顎関節症は日常生活に多大な支障をきたす症状を引き起こしますが、放置すると状態が進行して手遅れとなる危険があります。痛みや違和感を感じたら、早めの受診と治療が重要です。
この記事では顎関節症を悪化させるNG習慣やその対処法、セルフケアの方法について詳しく解説します。
「顎関節症はもう治らないって本当なの?」「この症状は顎関節症かもしれない」と、疑問や不安を抱えている方はぜひ最後までお読みください。
顎関節症の放置が招く手遅れ症状とは?
顎関節症は、軽い痛みや違和感から始まるといわれていますが、放置すると症状が進行し、日常生活に大きな支障をきたすことがあります。
痛みが慢性化するだけでなく、顎の動きが制限され、最悪の場合、顔の変形や機能障害を引き起こすこともあります。
まずは、顎関節症を放置した結果、どのような症状が出てくるのかを紹介します。
手遅れになる前にどのような症状が現れるかを理解し、早期に対処するきっかけにしてください。
顎の激しい痛みや慢性的な痛み
顎関節症は放置すると、顎の激しい痛みが発症し、日常生活に大きな支障をきたすおそれがあります。
初期段階では、軽度の違和感や緊張があることが多いですが、症状が進行すると食事中や会話などの日常的な場面で、痛みが悪化します。
また、痛みが慢性化すると、全身に広がることもあり、痛みの管理が難しくなることもあるでしょう。
顎の動きの制限やロック
顎の開閉時に動きが制限されたり、ロックされたりする症状も顎関節症の進行によるものです。
ロックとは「クローズドロック」とも呼ばれ、朝起きた際に口が開かない状態を指します。
クローズドロックは、顎関節の関節円板機能障害の一形態であり、顎を動かす際に突然固定されて口が開けられなくなるのが特徴です。

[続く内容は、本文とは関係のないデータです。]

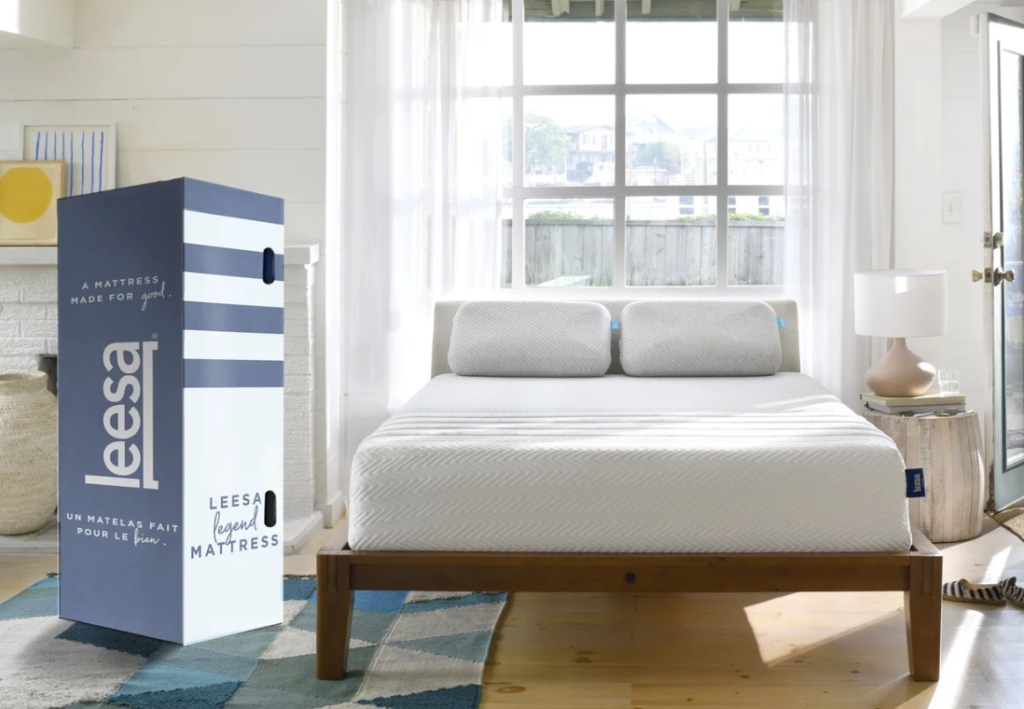 A white Leesa Legend hybrid mattress on a wooden bed frame with a blue and white box.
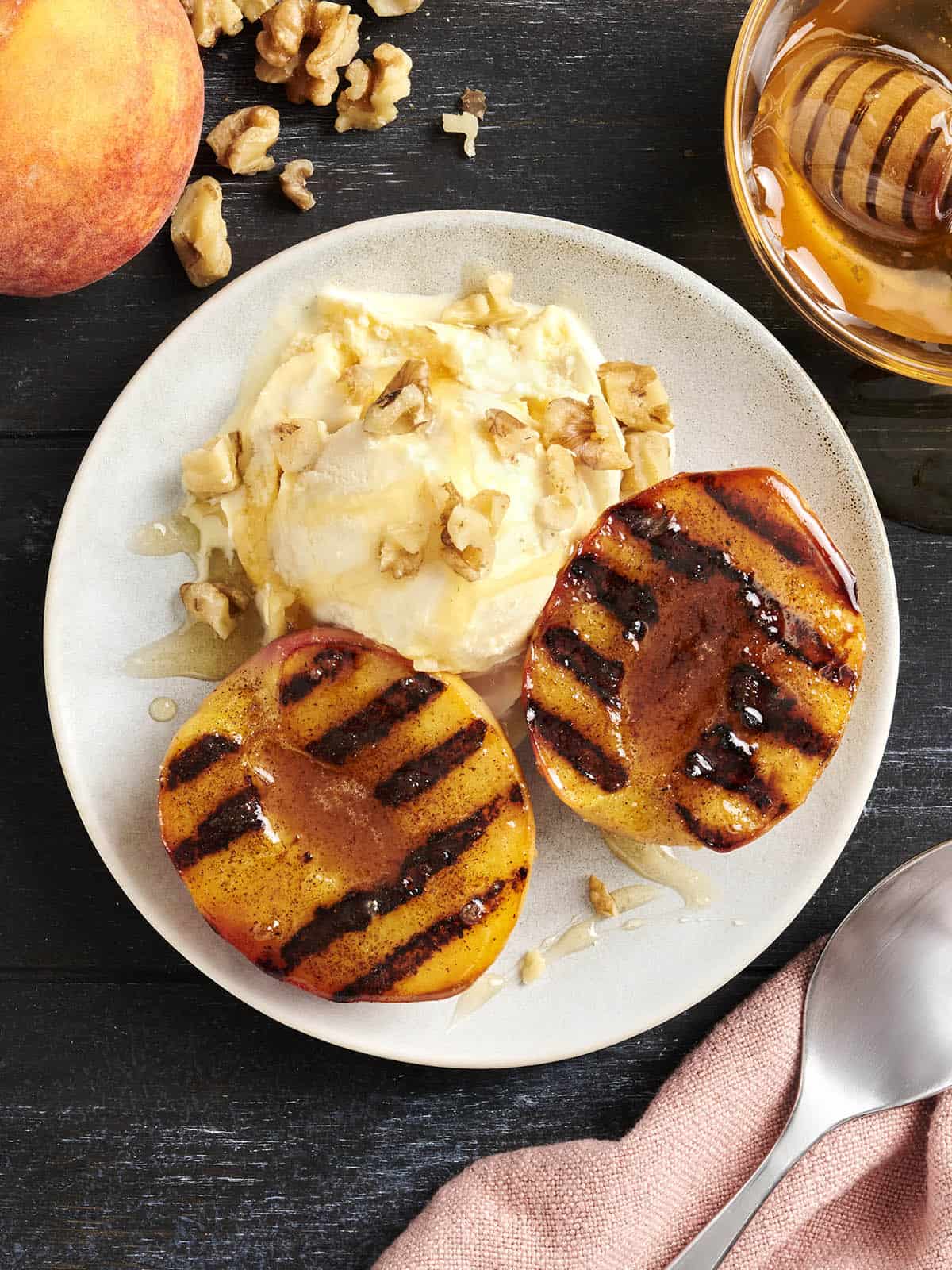 Overhead view of a bowl of grilled peaches and cream.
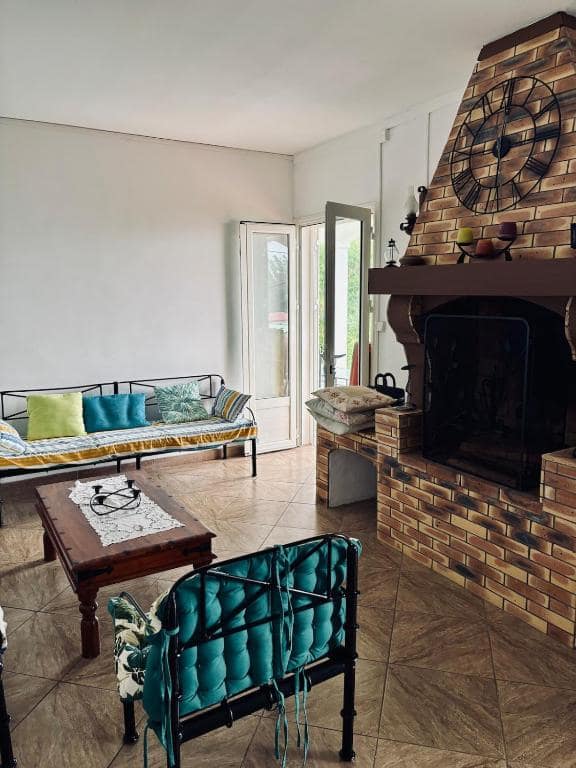 Grand séjour à cheminée brique, banquette et fauteuil vert · © La Salazienne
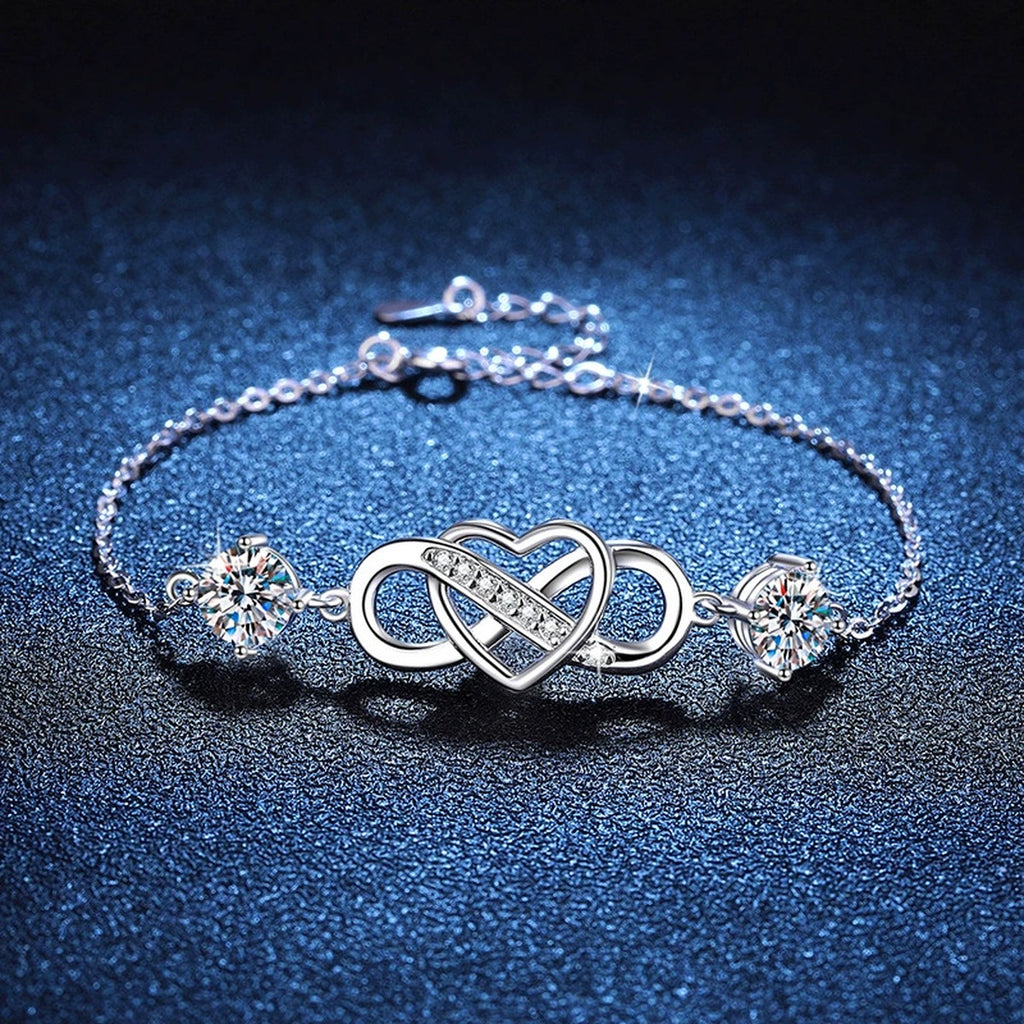 Infinity Heart Moissanite Chain Bracelet with CZ in White Gold-Plated S925 Sterling Silver blue display scene showing bracelet sparkle and chain detail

この症状が悪化すると、顎を完全に開けられなくなる場合があります。そのため食事や会話に不自由さを感じる方もいます。
顔の腫れや変形の発生
顎関節症が悪化すると顎の筋肉や関節にかかる負担が増大し、顔の一部に腫れや変形が見られやすくなります。特に片側の筋肉が過度に発達し、もう片方とのバランスが崩れることも。
さらに、顎関節の炎症が進行すると腫れが悪化し、顔の輪郭にも影響を及ぼします。顔の見た目にも大きな変化が生じると、大きなストレスを抱えることになるでしょう。
慢性的な頭痛
顎関節症を放置すると、慢性的な頭痛が引き起こされるおそれがあります。顎や周辺の筋肉の緊張が首や肩にまで波及し、それによって頭痛が生じるためです。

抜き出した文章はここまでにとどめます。